What if you've already got a Home Care Package?
If your HCP started on or before 31 October 2025:
- You transitioned automatically to an equivalent Support at Home classification.
- Your provider continues. Your services continue.
- You should have received correspondence from My Aged Care explaining your new classification. If you didn't, contact My Aged Care.
- Your funding model changed (quarterly budgets, 10% care management, no clinical care charge) but your day-to-day services are unchanged.
If your HCP application was submitted before 1 November 2025 but not assessed yet:
- Your assessment proceeds under the Single Assessment System.
- Your outcome is a Support at Home classification, not an HCP level.

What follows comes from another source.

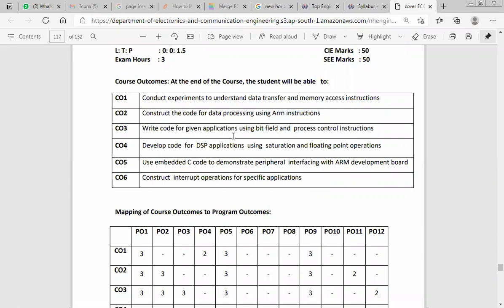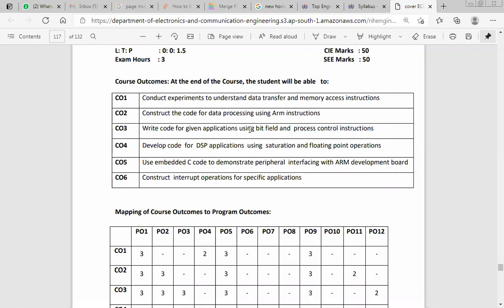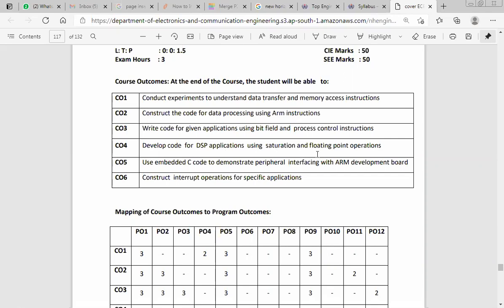Write code for given applications using bit field and process control instructions. Process control means it will have multiple threads — a thread is a single unit of information, and a process is a combination of threads. For example, home automation can be done with the help of these embedded systems. You can also develop code for DSP applications using floating point operations.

What if Support at Home isn't enough?
For older adults whose care needs exceed what Classification 8 can provide at home, residential aged care is the next step. See our Residential Aged Care Costs guide for what that involves, and the Single Assessment System guide for how the assessment process determines which path you're suited for.
For older adults whose needs are below the lowest Support at Home classification, the Commonwealth Home Support Programme (CHSP) offers smaller-scale supports — meals, cleaning, transport, social support — funded by the government with a small client co-contribution. CHSP doesn't have a published national fee schedule; each provider sets fees under a client contribution framework. Worth applying via My Aged Care if you need light support but don't qualify for a full Support at Home classification.

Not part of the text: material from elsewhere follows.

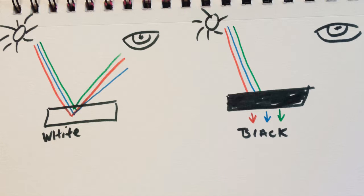White is a substrate that will reflect everything—it reflects all colors back into your eye. And of course, black will absorb everything and reflect nothing.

Common questions about the transition
- Will my services be the same after the transition? Yes for clinical care (now fully funded). For other supports, your provider continues to use your budget toward the services you need — the dollar amounts and split may shift slightly because of the new 10% care management and quarterly allocation.
- Can I save up an unused quarterly budget? Limited. Unused quarter budgets can roll within the year to some extent, but the system is designed to smooth spending — you can't deliberately under-spend to accumulate a lump sum.
- Can I top up my package with my own money? Yes, you can pay privately for additional services beyond your classification budget if you want and can afford to. This was true under HCP and continues under Support at Home.
- Do I need to re-apply every year? No. Your classification is reviewed periodically (typically every 1–2 years, more often if your needs change significantly) but ongoing funding continues automatically.
For all aged care services, the central gateway is My Aged Care or 1800 200 422.